JOHANNESBURG, South Africa — Palestinian two-time plane hijacker Leila Khaled condemned Friday the burning to death of a Jordanian pilot by the Islamic State group, but also compared it to the murder of an Arab teenager by Jewish extremists last summer.
“Those people who burned him are the same as the Israelis that burned Muhammed Abu Khdeir in Jerusalem,” Khaled said in South Africa, making a reference to the Palestinian teenager kidnapped and burned alive in east Jerusalem in July last year by three Jewish extremists charged with murder. The attack was allegedly in response to the June kidnapping and murder of three Israeli teenagers by a terror cell linked to Hamas in the West Bank.

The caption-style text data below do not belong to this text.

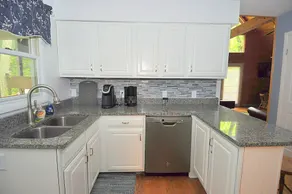 Rosies Creekside Retreat - 3 BR Escape! - Image 2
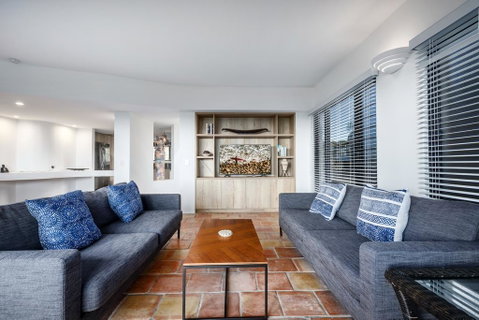 Tuscan Inspired Townhouse Minutes From The Beach - Accommodation Tasmania 3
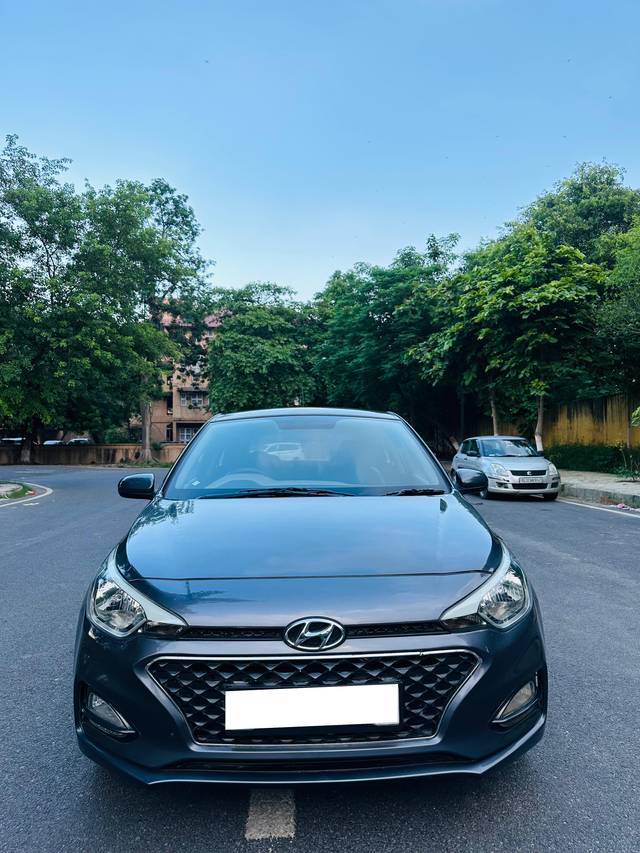 https://images10.gaadi.com/usedcar_image/4106465/original/processed_29119192a0860127c47abd3299879168.jpg?imwidth=6400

Mu’ath al-Kaseasbeh was captured by IS in December after his F-16 crashed in Syria while on a mission for the US-led coalition against the Sunni extremist militia.
A video purporting to show him being burned alive inside a cage emerged on Tuesday.

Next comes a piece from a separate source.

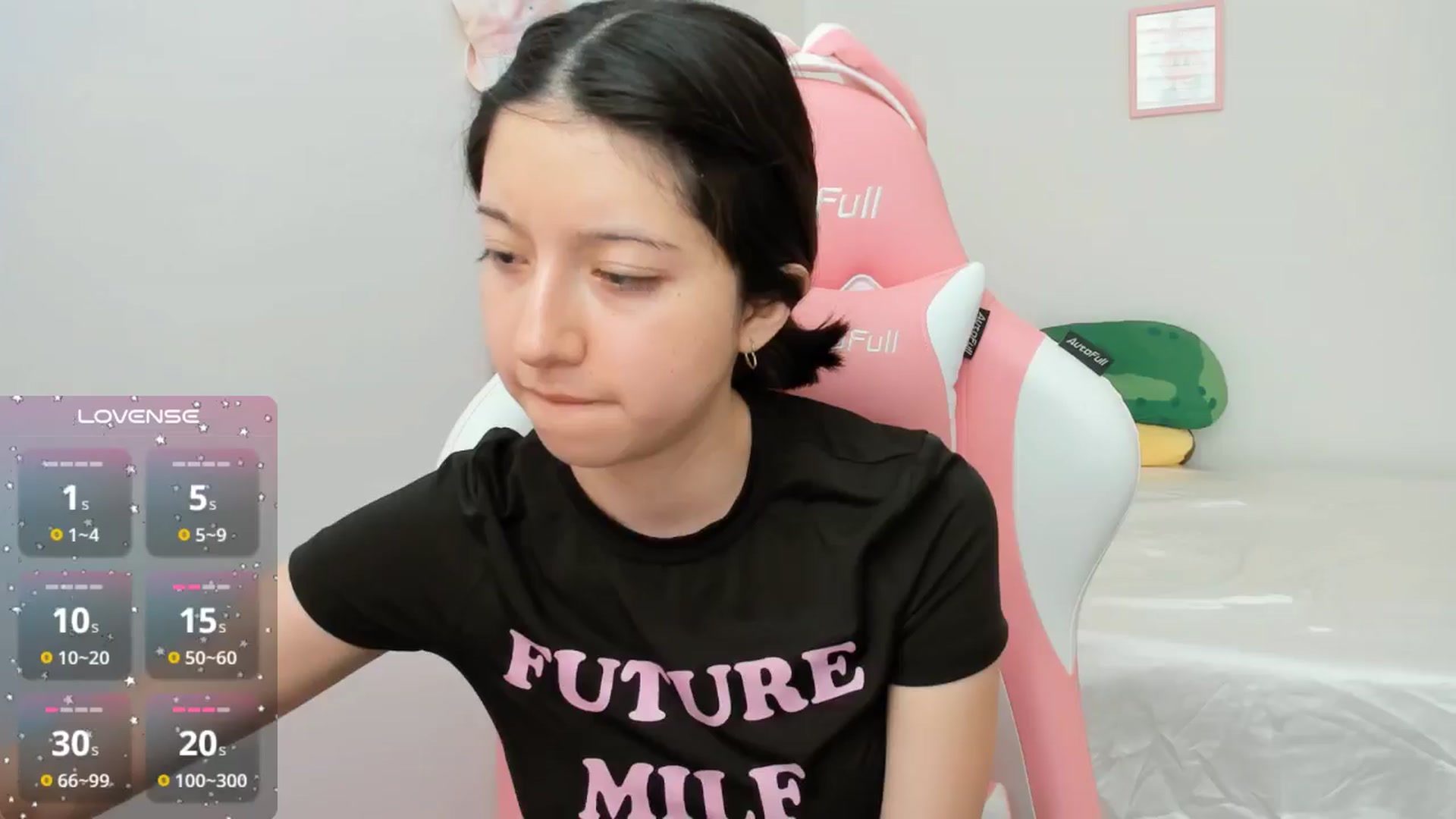 Gallery image thumbnail from Cherrycute666's myfreecams stream on, 10/08/2024, 22:06 image 19 of 20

“We denounce this in all languages,” Khaled said of the incident.
Khaled said the attackers in both instances were from “the same origins, like the Nazis and the fascists who had no mercy for human life”.

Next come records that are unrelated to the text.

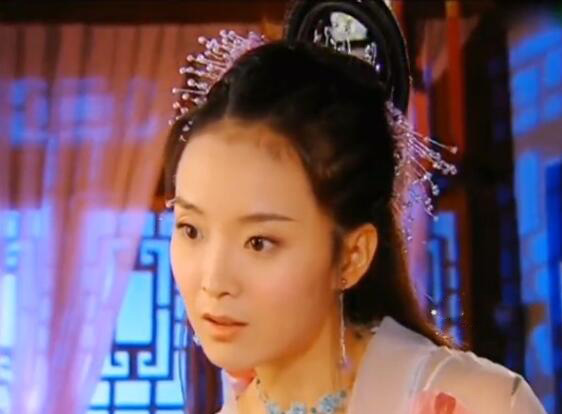 王艳|王艳19岁到45岁的颜值变化 28岁是巅峰 36岁开始走下坡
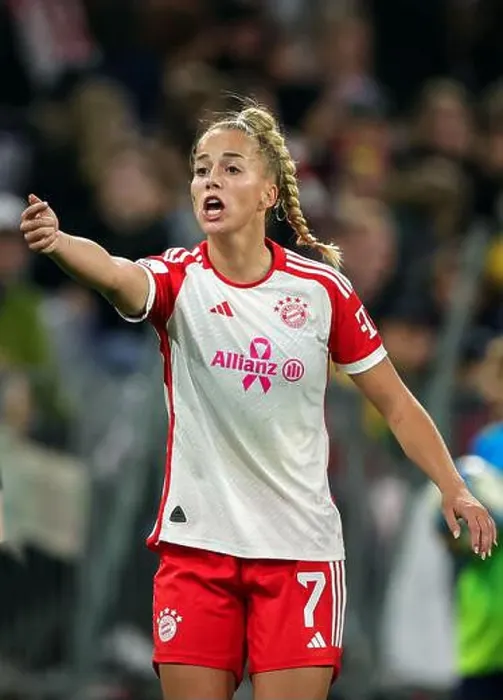 Framed Print : Giulia Gwinn of FC Bayern Muenchen FC Bayern Muenchen Frauen vs v Eintracht Frankfurt Fussball 1 Framed Print : Giulia Gwinn of FC Bayern Muenchen FC Bayern Muenchen Frauen vs v Eintracht Frankfurt Fussball 1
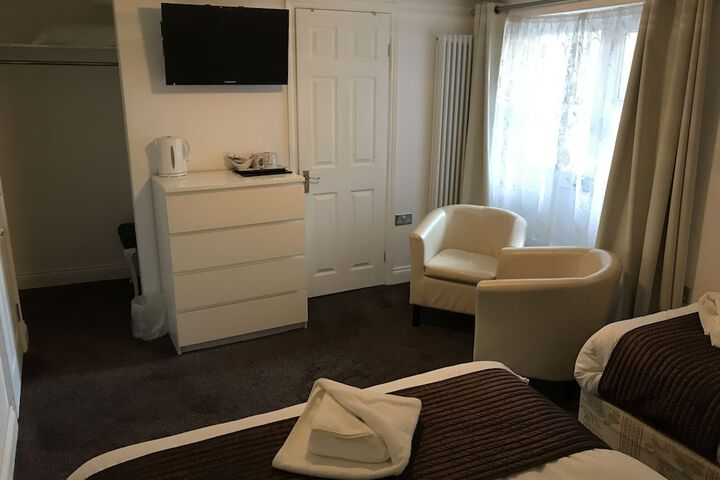 Room 7 of 66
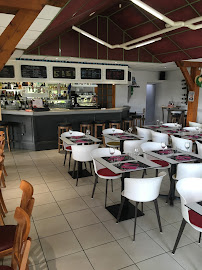 Atmosphère du Restaurant L' Entrepotes à Garlin - n°11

“The IS has no religion,” said Khaled. “It’s has nothing to do with any religion, especially Islam… This is terrorism.”
Now 70 and living in Jordan, Popular Front for the Liberation of Palestine (PFLP) member Khaled hijacked a Trans World Airlines flight from Rome to Athens in August 1969, and an El Al plane from Amsterdam to New York in September 1970.
She was arrested by sky marshals during the second attack and the flight was diverted to Heathrow. However, the British government released Khaled a month later in a hostage swap.
She is in South Africa to drum up support for the Boycott, Divestment and Sanctions Movement which is seeking to isolate Israel economically and politically.
She received a warm welcome from the ruling African National Congress — much to the indignation of local Jewish organisations.
“Comrade Leila, this is your home,” said ANC member and Home Affairs Minister Malusi Gigaba, wearing a keffiyeh around his neck.
“The ANC is wishing for a lasting solution in the Israel-Palestinian conflict… but we stand with the people of Palestine as the oppressed and we seek justice for them as we sought justice for ourselves.”
Although Pretoria maintains good relations with Israel, the country remains a firm supporter of the Palestinian cause.
As part of its backing, South Africa in 2013 imposed new rules requiring goods imported from occupied Palestinian territories display special labels.
The ruling ANC and its partners in the trade unions and Communist Party have also supported the boycotts against Israel, often comparing the country to the former racist apartheid state in South Africa.